Reddit tightens security against AI bots scraping platform content
Reddit, the widely-used social media platform, is reinforcing its Robots Exclusion Protocol (robots.txt file) to shield its content from automated web bots. The company will also persist in rate-limiting and blocking unidentified bots and crawlers. This move is primarily aimed at preventing AI companies from using Reddit's content for training their models without permission.

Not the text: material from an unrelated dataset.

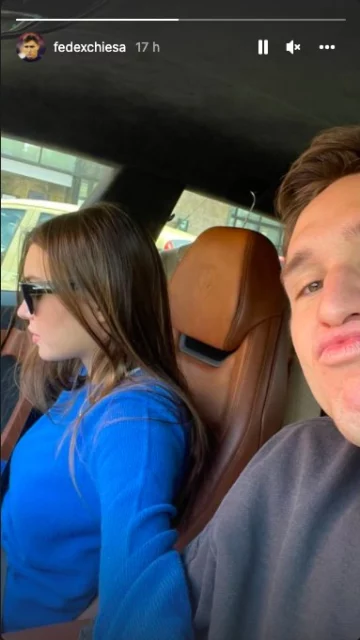 Le storie Instagram di Federico Chiesa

Reddit's updated protocol targets unauthorized AI crawlers
The updated protocol will not affect most users or good faith actors such as researchers and organizations like the Internet Archive. However, it could potentially deter AI companies from using Reddit's content without permission. Despite this, there is a chance that AI crawlers might disregard Reddit's updated robots.txt file. The company has stated that any bots or crawlers not adhering to its Public Content Policy will face restrictions.
Reddit's new measures follow recent controversy
The announcement comes in the wake of a recent investigation by Wired, which exposed that AI-powered search startup Perplexity had been scraping and using content without permission. Despite being blocked in its robots.txt file, Perplexity continued to ignore requests not to scrape its website. In response, Perplexity CEO Aravind Srinivas stated that the robots.txt file does not constitute a legal framework.
Reddit's new policy exempts partners with agreements
Reddit's new changes will not impact companies with which it has an agreement. For instance, Google, which has a $60 million deal with Reddit, is allowed to train its AI models using content from the social platform. This indicates that other companies wishing to use Reddit's data for AI training will need to negotiate access terms.